In: Phyton, 51 Fasc. 2 (2011), S. 261–276, with 3 figures
Key words: Arbuscular mycorrhiza, electrolyte leakage, salinity, spermine, wheat, yield.
IBRAHIM A. H., ABDEL-FATTAH G. M., EMAM F. M., ABD EL-AZIZ M. H. & SHOKR A. E. 2011. Arbuscular mycorrhizal fungi and spermine alleviate the adverse effects of salinity stress on electrolyte leakage and productivity of wheat plants. – Phyton (Horn, Austria) 51 (2): 261–276, with 3 figures.
A pot experiment was conducted to investigate the possible role of arbuscular mycorrhizal (AM) fungi, spermine and their combination in alleviating the adverse effects of salinity stress on electrolyte leakage (EL), root colonization and productivity of wheat plants. Two levels of salinized underground water were used (6.09 dSm–1 and 10.63 dSm–1). At three studied growth stages, salini-ty stress markedly increased the electrolyte leakage of wheat leaves and the effect was increased with increasing the salinity level. Although the application of low salinity level did not decrease shoot dry weight and grains number of wheat plants, it significantly decreased grain yield and har-vest index of these plants. The highest salinity level markedly reduced all yield parameters. The imposed salinity stress significantly decreased total carbohydrates, protein and moisture level of the developed wheat grains. Conversely, the level of ash and fibers was increased in response to the applied stress.

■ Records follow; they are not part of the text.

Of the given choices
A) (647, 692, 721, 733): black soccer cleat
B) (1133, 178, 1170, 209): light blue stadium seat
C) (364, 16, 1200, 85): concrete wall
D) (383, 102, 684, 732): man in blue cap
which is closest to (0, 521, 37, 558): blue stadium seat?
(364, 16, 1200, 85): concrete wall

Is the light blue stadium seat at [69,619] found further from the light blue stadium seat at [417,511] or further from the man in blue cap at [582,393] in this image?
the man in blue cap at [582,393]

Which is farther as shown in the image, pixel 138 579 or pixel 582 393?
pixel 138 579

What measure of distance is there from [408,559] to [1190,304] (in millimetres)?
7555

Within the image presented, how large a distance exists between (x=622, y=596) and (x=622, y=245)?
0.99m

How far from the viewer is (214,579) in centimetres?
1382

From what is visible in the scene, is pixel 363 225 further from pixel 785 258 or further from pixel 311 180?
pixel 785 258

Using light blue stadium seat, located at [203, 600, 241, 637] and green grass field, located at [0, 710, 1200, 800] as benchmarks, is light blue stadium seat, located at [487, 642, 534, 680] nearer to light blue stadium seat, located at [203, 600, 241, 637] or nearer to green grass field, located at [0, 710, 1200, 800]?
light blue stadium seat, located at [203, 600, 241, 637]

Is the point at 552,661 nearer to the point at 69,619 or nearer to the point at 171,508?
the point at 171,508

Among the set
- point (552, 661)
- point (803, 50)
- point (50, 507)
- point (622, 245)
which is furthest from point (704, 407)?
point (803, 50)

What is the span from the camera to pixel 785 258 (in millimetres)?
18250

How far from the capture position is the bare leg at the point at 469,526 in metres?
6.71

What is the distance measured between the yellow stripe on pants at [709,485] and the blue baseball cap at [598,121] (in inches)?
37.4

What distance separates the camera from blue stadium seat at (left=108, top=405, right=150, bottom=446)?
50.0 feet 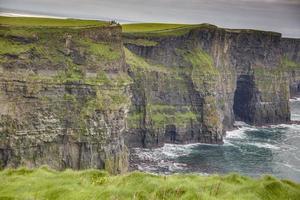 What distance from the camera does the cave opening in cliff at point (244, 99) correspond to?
120188 mm

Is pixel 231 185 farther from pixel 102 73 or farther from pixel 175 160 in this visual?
pixel 175 160

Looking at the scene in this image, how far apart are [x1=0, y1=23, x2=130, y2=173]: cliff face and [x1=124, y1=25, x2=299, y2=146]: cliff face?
67.3 feet

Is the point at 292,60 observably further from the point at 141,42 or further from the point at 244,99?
the point at 141,42

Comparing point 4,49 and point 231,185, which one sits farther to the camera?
point 4,49

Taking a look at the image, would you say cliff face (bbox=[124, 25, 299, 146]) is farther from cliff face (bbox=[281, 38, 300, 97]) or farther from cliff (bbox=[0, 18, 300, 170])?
cliff face (bbox=[281, 38, 300, 97])

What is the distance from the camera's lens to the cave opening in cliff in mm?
120188

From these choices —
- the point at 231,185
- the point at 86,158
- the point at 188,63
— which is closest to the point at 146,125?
the point at 188,63

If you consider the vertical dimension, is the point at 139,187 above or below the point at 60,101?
above

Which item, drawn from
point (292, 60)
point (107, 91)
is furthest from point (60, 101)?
point (292, 60)

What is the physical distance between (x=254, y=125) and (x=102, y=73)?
195 ft

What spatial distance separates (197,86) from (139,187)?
275 feet

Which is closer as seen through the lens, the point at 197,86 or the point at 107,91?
the point at 107,91

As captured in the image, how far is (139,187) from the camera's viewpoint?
14445 mm

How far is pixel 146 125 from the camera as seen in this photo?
87.4 metres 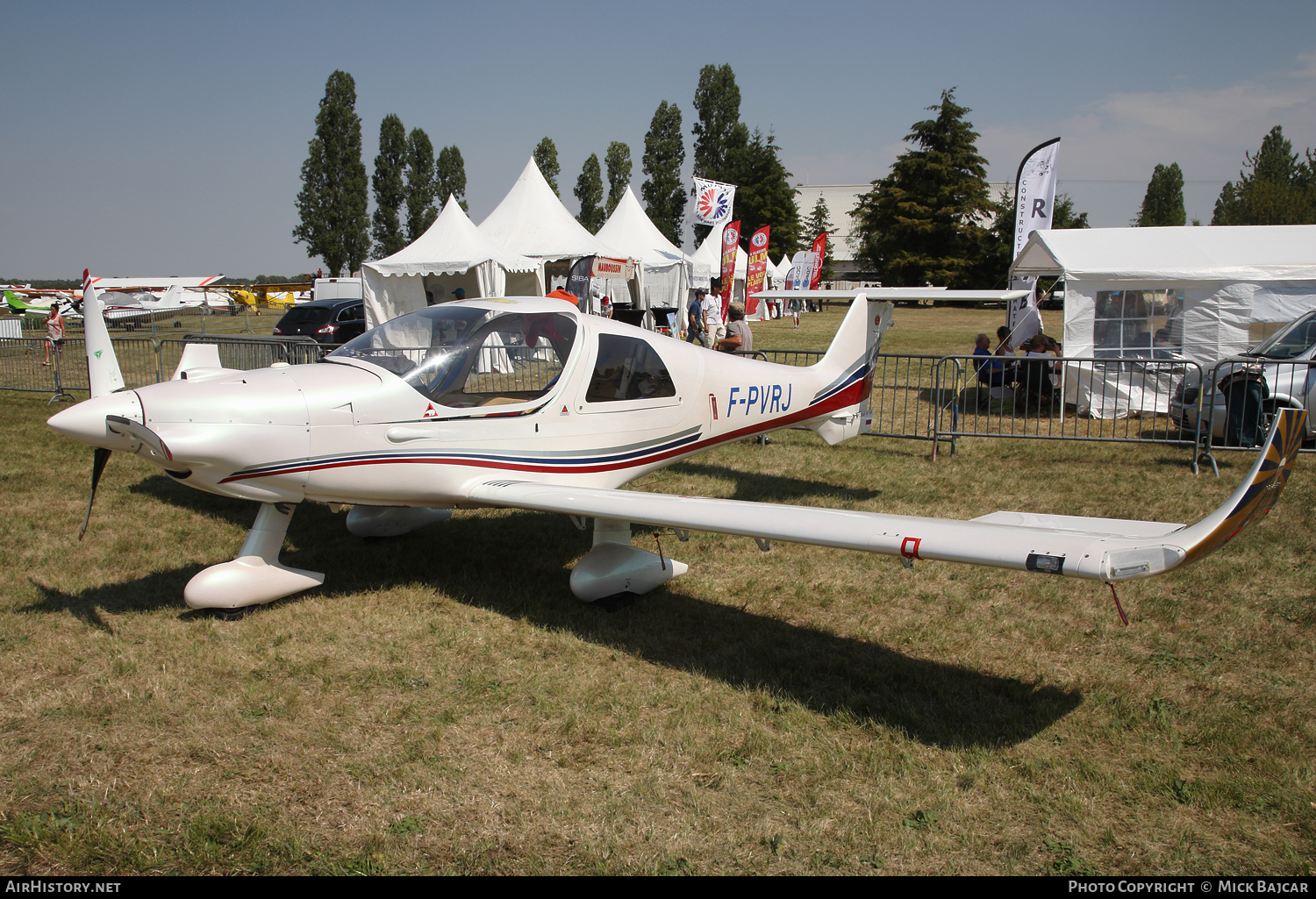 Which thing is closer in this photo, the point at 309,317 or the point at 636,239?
the point at 309,317

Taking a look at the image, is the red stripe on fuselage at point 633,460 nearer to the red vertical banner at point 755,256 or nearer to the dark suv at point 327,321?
the dark suv at point 327,321

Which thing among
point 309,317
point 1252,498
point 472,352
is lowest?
point 1252,498

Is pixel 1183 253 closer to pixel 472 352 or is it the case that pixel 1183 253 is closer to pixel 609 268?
pixel 609 268

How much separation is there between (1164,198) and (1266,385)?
11622 centimetres

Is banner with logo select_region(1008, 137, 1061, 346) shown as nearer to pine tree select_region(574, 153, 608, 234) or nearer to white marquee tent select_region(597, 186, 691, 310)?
white marquee tent select_region(597, 186, 691, 310)

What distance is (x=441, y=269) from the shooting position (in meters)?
18.9

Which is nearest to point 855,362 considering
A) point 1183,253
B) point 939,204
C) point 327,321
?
point 1183,253

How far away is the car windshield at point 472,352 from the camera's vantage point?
16.7 feet

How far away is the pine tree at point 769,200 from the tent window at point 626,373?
211 ft

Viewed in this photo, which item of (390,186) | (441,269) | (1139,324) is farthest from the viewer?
(390,186)

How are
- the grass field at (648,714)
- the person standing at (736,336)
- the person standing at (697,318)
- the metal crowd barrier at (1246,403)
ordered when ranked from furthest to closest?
the person standing at (697,318)
the person standing at (736,336)
the metal crowd barrier at (1246,403)
the grass field at (648,714)

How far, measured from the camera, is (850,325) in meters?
7.61

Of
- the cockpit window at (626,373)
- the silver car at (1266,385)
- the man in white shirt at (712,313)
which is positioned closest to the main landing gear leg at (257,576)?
the cockpit window at (626,373) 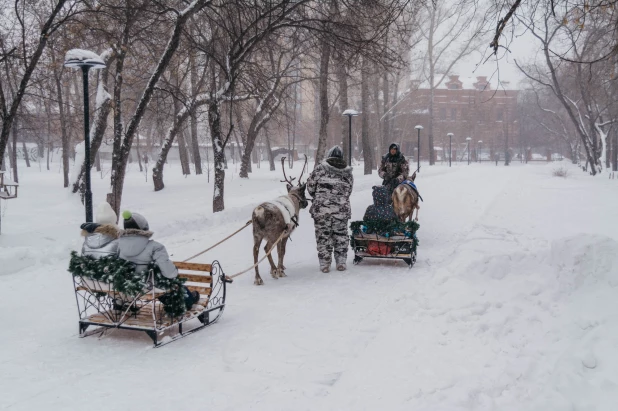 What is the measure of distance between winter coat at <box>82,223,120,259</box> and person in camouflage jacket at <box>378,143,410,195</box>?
7.27m

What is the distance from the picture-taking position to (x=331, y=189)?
376 inches

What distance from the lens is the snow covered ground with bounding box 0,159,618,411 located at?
15.2 ft

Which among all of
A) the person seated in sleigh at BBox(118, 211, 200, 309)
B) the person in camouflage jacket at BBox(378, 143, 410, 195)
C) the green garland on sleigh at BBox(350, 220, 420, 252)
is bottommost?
the green garland on sleigh at BBox(350, 220, 420, 252)

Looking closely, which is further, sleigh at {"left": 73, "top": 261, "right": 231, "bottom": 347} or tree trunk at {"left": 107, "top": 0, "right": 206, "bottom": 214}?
tree trunk at {"left": 107, "top": 0, "right": 206, "bottom": 214}

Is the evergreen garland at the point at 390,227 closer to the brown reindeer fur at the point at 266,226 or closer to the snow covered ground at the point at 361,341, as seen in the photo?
the snow covered ground at the point at 361,341

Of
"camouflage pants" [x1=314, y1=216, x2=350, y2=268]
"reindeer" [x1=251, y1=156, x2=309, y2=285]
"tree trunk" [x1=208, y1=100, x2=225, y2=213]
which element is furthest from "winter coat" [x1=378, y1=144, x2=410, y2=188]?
"tree trunk" [x1=208, y1=100, x2=225, y2=213]

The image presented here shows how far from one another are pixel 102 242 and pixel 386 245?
518 centimetres

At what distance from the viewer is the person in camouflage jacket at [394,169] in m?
12.3

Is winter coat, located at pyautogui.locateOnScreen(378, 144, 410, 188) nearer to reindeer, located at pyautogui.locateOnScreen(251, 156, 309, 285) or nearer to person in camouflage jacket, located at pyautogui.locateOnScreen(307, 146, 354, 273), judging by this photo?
person in camouflage jacket, located at pyautogui.locateOnScreen(307, 146, 354, 273)

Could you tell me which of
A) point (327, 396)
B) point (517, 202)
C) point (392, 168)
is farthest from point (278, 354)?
point (517, 202)

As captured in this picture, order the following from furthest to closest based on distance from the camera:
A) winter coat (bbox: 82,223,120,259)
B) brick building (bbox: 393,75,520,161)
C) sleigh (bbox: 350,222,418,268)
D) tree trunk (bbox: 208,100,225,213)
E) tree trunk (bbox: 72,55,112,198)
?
brick building (bbox: 393,75,520,161) → tree trunk (bbox: 72,55,112,198) → tree trunk (bbox: 208,100,225,213) → sleigh (bbox: 350,222,418,268) → winter coat (bbox: 82,223,120,259)

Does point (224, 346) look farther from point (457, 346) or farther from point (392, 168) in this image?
point (392, 168)

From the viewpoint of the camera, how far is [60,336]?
21.2 ft

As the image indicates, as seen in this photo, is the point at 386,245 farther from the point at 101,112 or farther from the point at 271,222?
the point at 101,112
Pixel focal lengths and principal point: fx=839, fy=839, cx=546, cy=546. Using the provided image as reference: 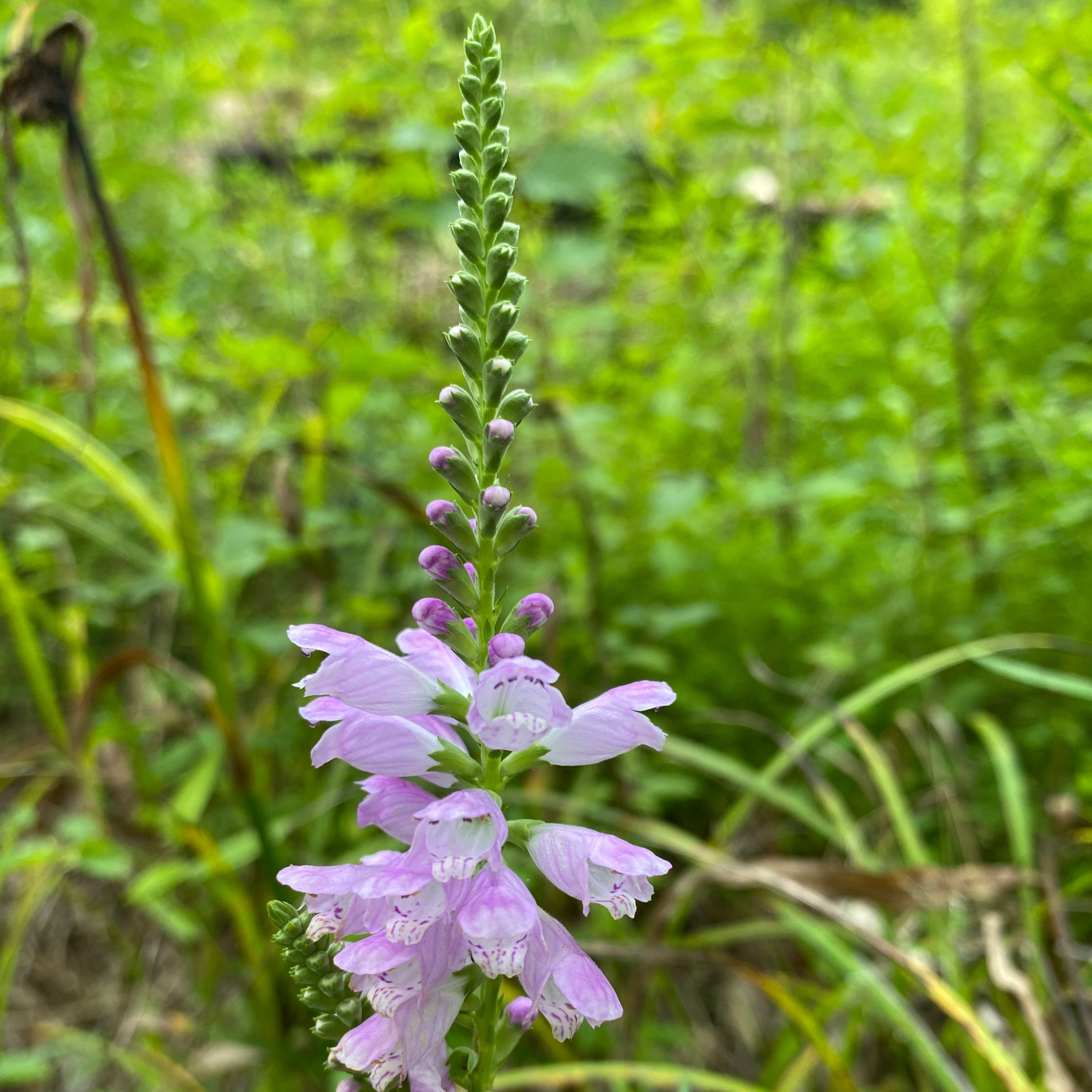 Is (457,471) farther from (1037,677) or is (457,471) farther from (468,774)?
(1037,677)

The inoculation with arbuscular mycorrhizal fungi mitigated the detrimental effects of salinity on EL, yield parameters and grains quality of wheat plants when compared to non-mycorrhizal treatments. The highest root colonization with AM fungi was observed at the booting stage, whereas the lowest one was reported at the tillering phase. Exogenous application of spermine reduced EL and improved the productivity of wheat plants grown in the stress conditions. Inte-restingly, the dual treatment with AM fungi and spermine added more enhancement of wheat yield in both control and salt stress conditions via reduction of EL and increase of mycorrhizal coloniza-tion.